Tanrı baba figürünün popüler müzikteki yansımalarına bir diğer örnek de geleneksel Hıristiyan müziği ve pop müzik füzyonundan oluşan, “Contemporary Christian Music” (Çağdaş Hıristiyan Müziği) türüdür (Žižek, 1992). Klasik Hıristiyan ilahi ezgilerinin popüler müziğe uyarlanarak yeniden yorumlanması ile ortaya çıkan bu tür Amy Grant, Jars of Clay, dc Talk, Steven Curtis Chapman, Michael W. Smith gibi örneklerle tanınmış,. özellikle Hıristiyan dini bayramları ve evlilik törenlerinde ses getirmiştir. Rap ve Beatbox'ı bir araya getiren Yahudi hip-hop sanatçısı Matisyahu, Sinagog müziği, çeşitli reggae şarkıları; Ortadoğu ve Kuzey Afrika'dan yükselen rap müziğin kimi örnekleri; şarkılarında "Tanrı baba" temasına yer veren diğer örneklerdir. 1990 ve izleyen yıllarda popüler kültürdeki yerini sağlamlaştıran hip-hop ve rap türlerinde ise otoriteye karşı bir başkaldırı söz konusu iken eril ve öfkeli temalarına bakıldığında ikinci bir baba rolüne büründüğü görülür. Bu bakımdan klasik psikanalizin arkaik örneklerinden sonra baba ile rekabet ederek onun yerine geçmek isteyen oğul figürüne popüler müzikte bir kez daha rastlarız.
1960'lı ve 70'li yıllarda popüler müziğin babalardan oğullara aktarılan bir gelenek durumuna geldiğini görürüz. Babaların oğullarına müzik zevklerini aşılaması, onlara enstrüman çalmayı öğretmesi ebeveyn ile çocuk arasında bir bağ kurar. Yalnızca aile içerisinde değil, popüler kültürde de müziğin bölgeden bölgeye, kuşaktan kuşağa birleştirici bir etkisi olduğundan bahsedebiliriz. Zaman zaman çatışan bu kültürler, zaman zaman müzik aracılığıyla kuşaklararası ortak bir dil yaratmayı başarır.
Kaynakça
Bennett, A., & Rogers, I. (2016). Popular music scenes and cultural memory. Springer.
Freud, S. (2016). Moses and monotheism. Leonardo Paolo Lovari.
Freud, S., & Freud, A. (2001). Totem and Taboo and other works (Vol. 13). Random House.
Golan, R. (2018).

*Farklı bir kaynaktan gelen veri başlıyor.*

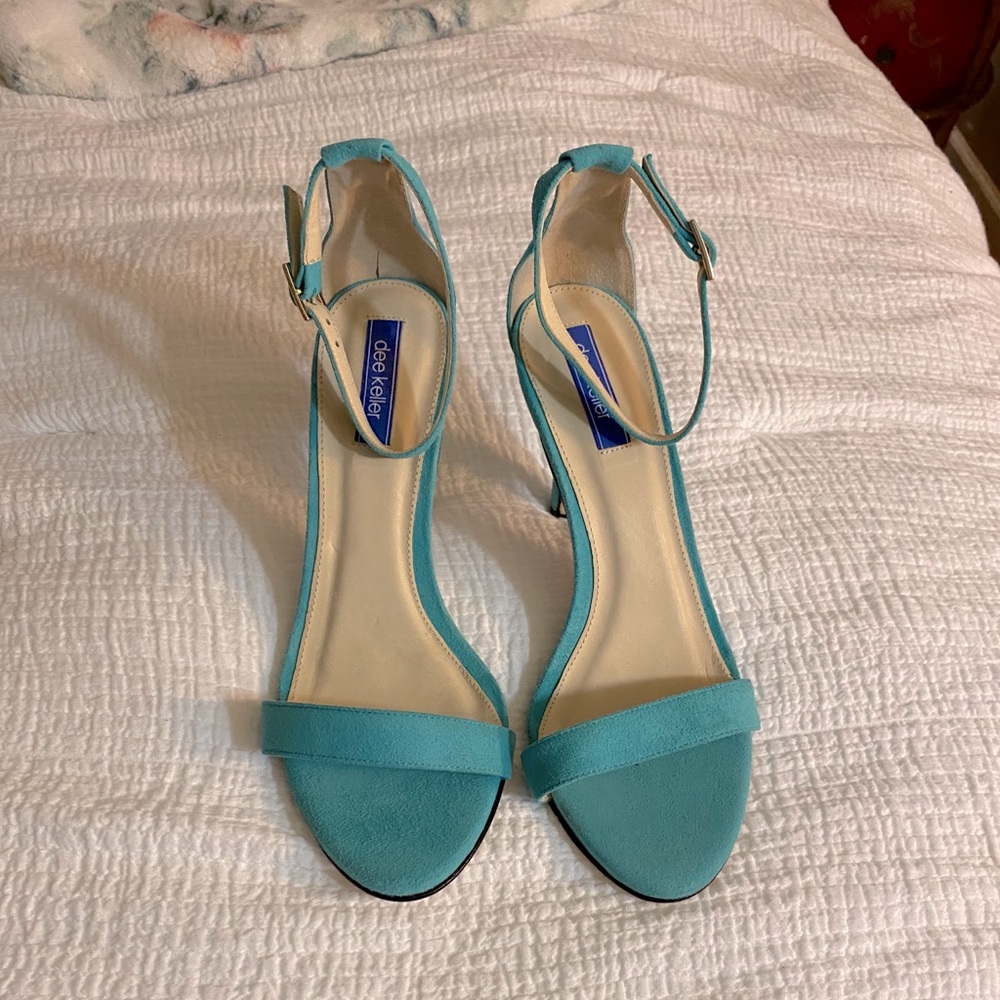 Turquoise suede strappy heels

Loving psychoanalysis: looking at culture with Freud and Lacan. Routledge.
Kotarba, J. A. (Ed.). (2017). Understanding society through popular music. Routledge.
Lacan, J. (1966). Écrits, Paris: Éditions du Seuil. Trans. Ecrits: A selection (1982) chap, 3, 86.
Žižek, S. (1992). Looking awry: An introduction to Jacques Lacan through popular culture. MIT press.